Современное понимание другого аспекта санитарии – личной гигиены – также может помочь объяснить, почему, если Черная смерть была вспышкой крысиной чумы, было так мало случаев массовой гибели крыс. Учитывая неудовлетворительное санитарное состояние тела средневекового человека, весьма вероятно, что P. irritans, которая охотится именно на людей, а не на грызунов, сыграла важную роль в передаче чумы от человека к человеку.

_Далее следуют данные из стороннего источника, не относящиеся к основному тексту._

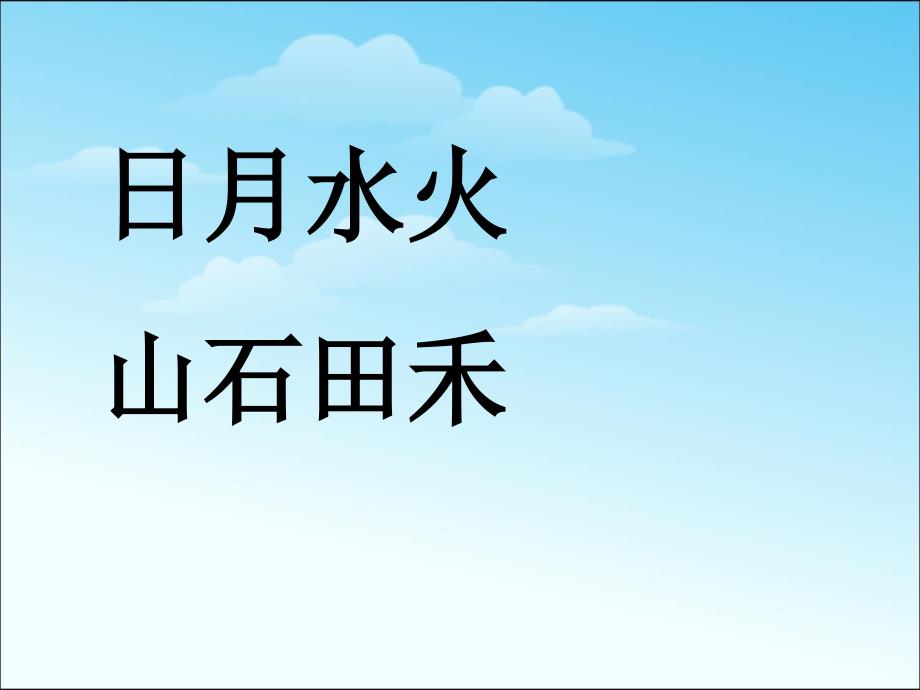 部编人教版一年级语文上册《日月水火》课件_第2页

Отрицатели чумы уже давно утверждают, что укус P. irritans, в отличие от укуса X. cheopis, заносит в организм слишком малое количество бацилл чумы, чтобы стать достаточно эффективным переносчиком болезни. Однако эта особенность могла не иметь значения во время Черной смерти. Какой бы ни была ее форма, средневековая чума была чрезвычайно опасной. Очень высокие концентрации бацилл в крови человека могли превратить даже обычно слабых насекомых в эффективных переносчиков чумы. Более того, совсем не ясно, является ли человеческая блоха таким уж слабым переносчиком болезни. Такие разные наблюдатели – генерал Исии (изобретатель японской чумной бомбы), армейская разведка Соединенных Штатов и Джованни Боккаччо, – все они высказали свои предположения о том, что P. irritans может эффективно передавать болезнь. Две свиньи, которых описывал Боккаччо, упавшие замертво после того, как растерзали одеяло, почти наверняка были убиты укусом P. irritans, которая поражает не только людей, но и свиней.

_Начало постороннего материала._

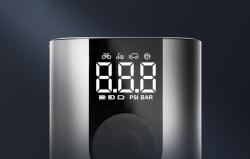 Cycplus Elektrická nafukovací pumpička A8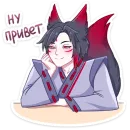 Тёмный Хидэ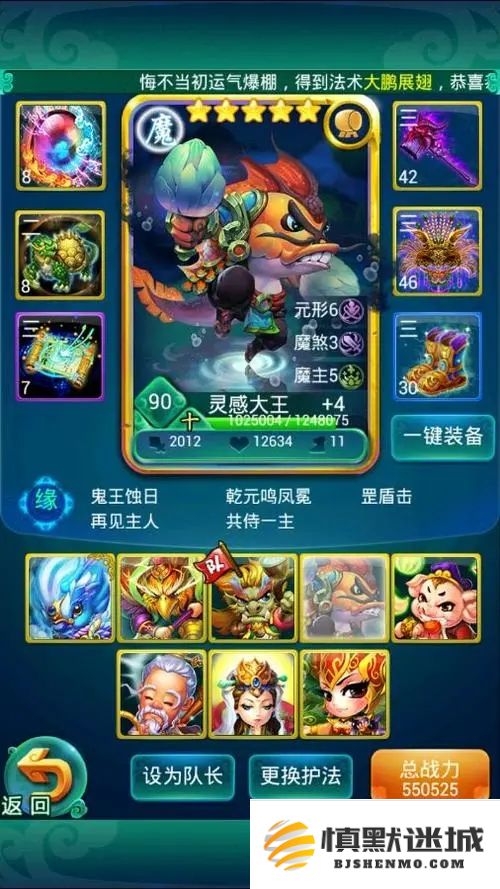 迷你西游怎么开启同修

Возможно, наиболее убедительное свидетельство эффективности человеческой блохи как переносчика чумы было получено от доктора Кеннета Гейджа, начальника отдела чумы Центров по контролю и профилактике заболеваний США. На своем личном опыте борьбы с болезнью в современной Африке, Азии и Южной Америке доктор Гейдж убедился, что человеческая блоха играет важную, но недооцененную роль в распространении чумы.

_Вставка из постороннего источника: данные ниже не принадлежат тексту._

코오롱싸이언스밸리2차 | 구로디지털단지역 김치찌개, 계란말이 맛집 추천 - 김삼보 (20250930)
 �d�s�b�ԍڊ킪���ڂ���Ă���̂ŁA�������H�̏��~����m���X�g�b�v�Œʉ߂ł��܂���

Самая слабая часть теории «Черная-смерть-это-чисто-крысиная-чума» связана с явно очень высокой заболеваемостью легочной формой болезни. Вторичные легочные инфекции возникают при бубонной чуме, но, по крайней мере, судя по современному опыту, нечасто. Французский ученый Жан-Ноэль Бирабен предполагает, что необычно холодная погода четырнадцатого века могла быть особенно «благоприятной для легочной формы». Недостаток теории Бирабена состоит в том, что, когда пришла Черная смерть, погода к югу от Альп была еще теплой.
Одно из возможных объяснений высокого уровня «легочной» формы Черной смерти состоит в том, что в 1348 и 1349 годах активны были два штамма болезни. Вспышка легочной чумы в Маньчжурии в 1911 году была спровоцирована сурками. Однако эпидемия произошла в разгар бубонной чумы, вызванной крысами во время Третьей пандемии. Возможно, нечто подобное произошло и во время Черной смерти? Другая возможность состоит в том, что в течение середины четырнадцатого века Y. pestis претерпела фундаментальные эволюционные изменения, как предполагает доктор Орент.
У медиевиста и врача Энн Кармайкл есть еще теория о средневековой чуме, которая касается не только высокой заболеваемости легочной формой, но, в более широком смысле, того, почему по многим клиническим и эпидемиологическим показателям она так отличается от Третьей пандемии. «Возможно, в природе средневекового мира было что-то принципиально иное, – говорит доктор Кармайкл, – чего мы не понимаем и что не может появиться сегодня даже в регионах третьего мира».
Однако в одном мы можем быть уверены.
Микробиолог Дидье Рауль прав. Черная смерть была вспышкой именно чумы.